§ What the task requires
For this task, output exactly the lines of the material below starting at the line with "And then in" and ending at the line with "We also have"; pictures are to be excluded.

§ Source data
·····
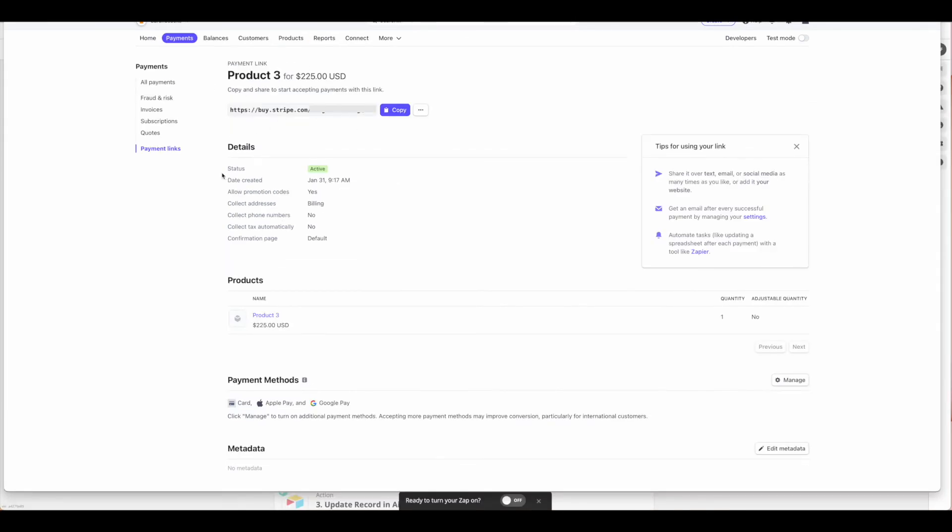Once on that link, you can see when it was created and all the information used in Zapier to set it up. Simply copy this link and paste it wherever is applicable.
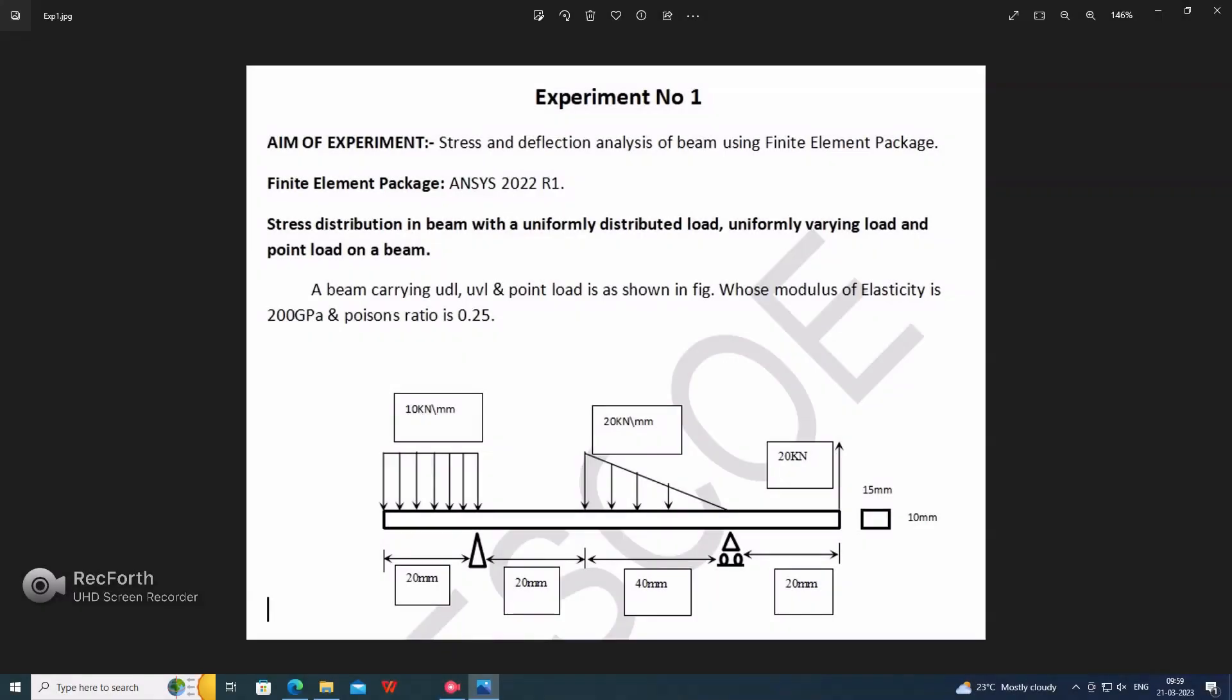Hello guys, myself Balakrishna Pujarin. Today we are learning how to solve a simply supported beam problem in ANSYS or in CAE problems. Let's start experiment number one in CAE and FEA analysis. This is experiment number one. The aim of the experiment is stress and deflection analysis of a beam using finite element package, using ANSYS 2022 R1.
·····
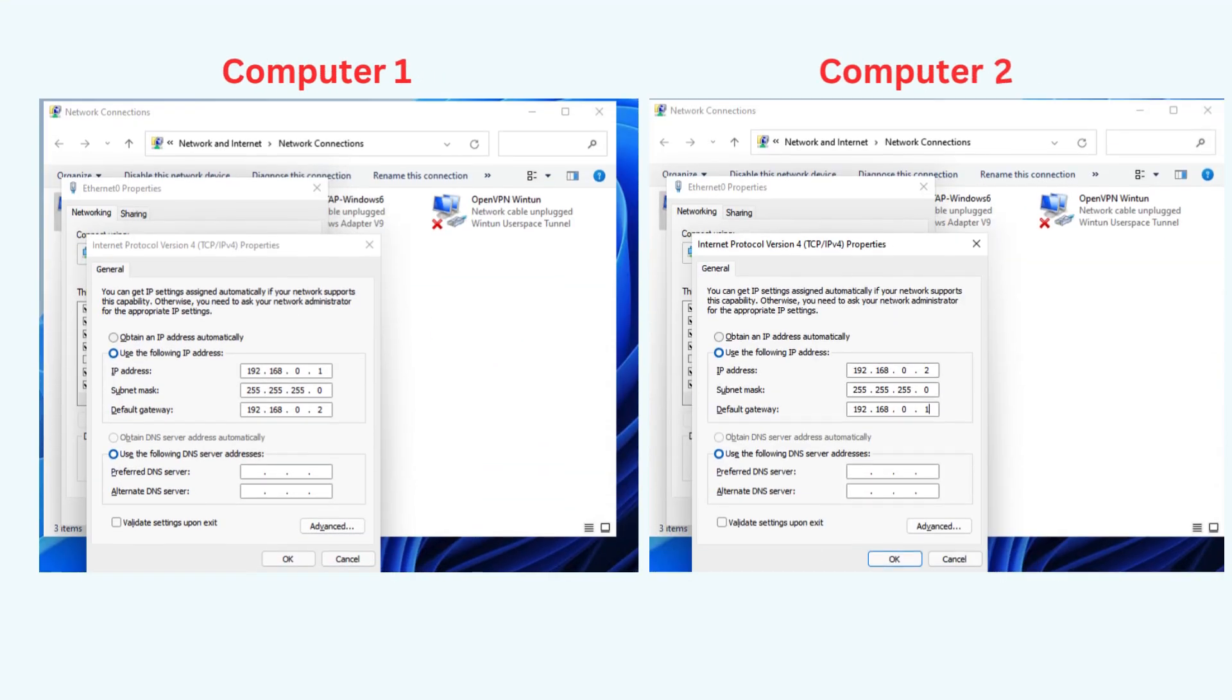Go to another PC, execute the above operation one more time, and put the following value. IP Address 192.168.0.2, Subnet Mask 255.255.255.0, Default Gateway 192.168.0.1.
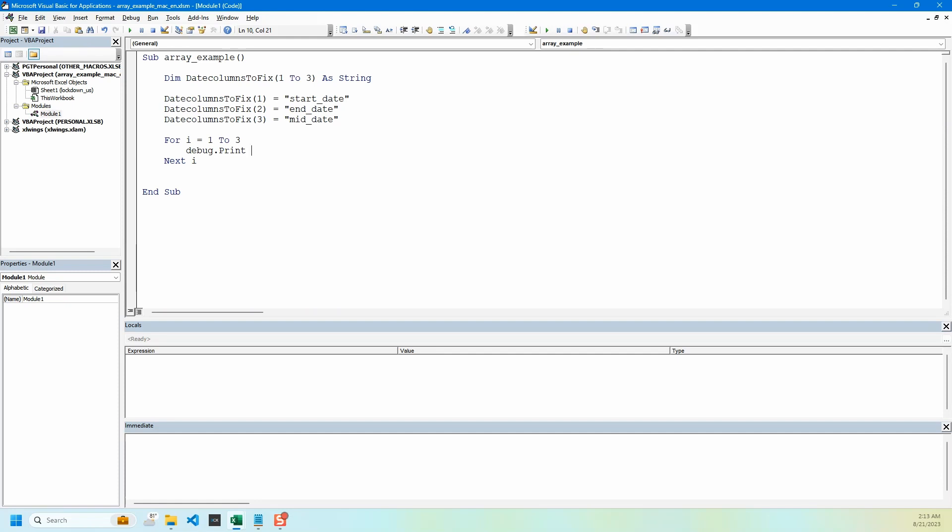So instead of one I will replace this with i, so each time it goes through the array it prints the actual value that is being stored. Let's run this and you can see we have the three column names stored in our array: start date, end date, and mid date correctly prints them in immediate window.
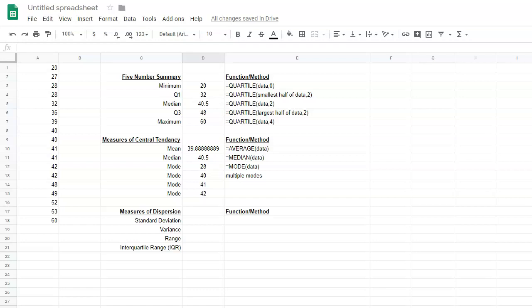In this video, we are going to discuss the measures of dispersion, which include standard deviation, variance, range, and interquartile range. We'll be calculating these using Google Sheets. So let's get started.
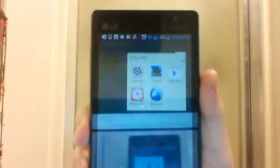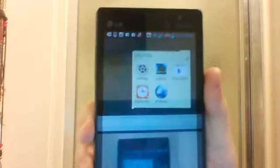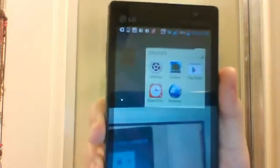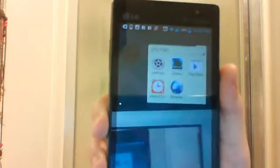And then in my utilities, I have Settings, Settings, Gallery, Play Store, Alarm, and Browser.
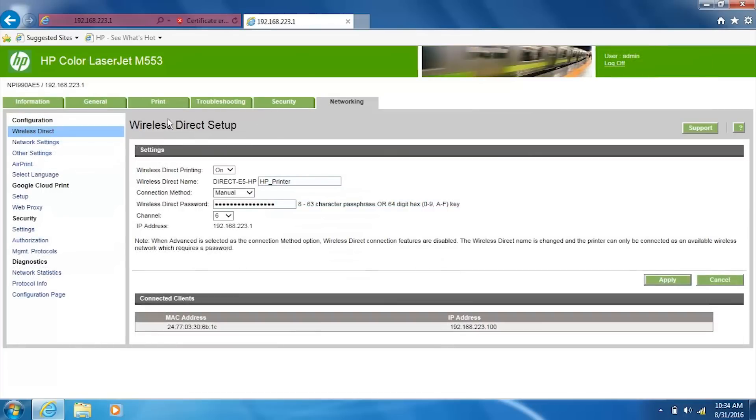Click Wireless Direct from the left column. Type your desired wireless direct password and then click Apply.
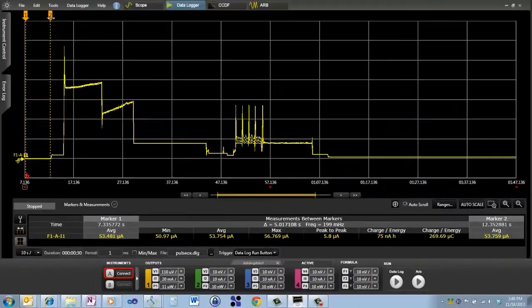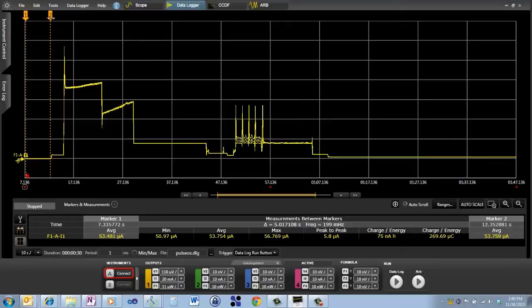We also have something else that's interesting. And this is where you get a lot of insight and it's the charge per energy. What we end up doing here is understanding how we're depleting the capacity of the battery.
·····
§ Task output
And then in my utilities, I have Settings, Settings, Gallery, Play Store, Alarm, and Browser.
Click Wireless Direct from the left column. Type your desired wireless direct password and then click Apply.
We also have something else that's interesting. And this is where you get a lot of insight and it's the charge per energy. What we end up doing here is understanding how we're depleting the capacity of the battery.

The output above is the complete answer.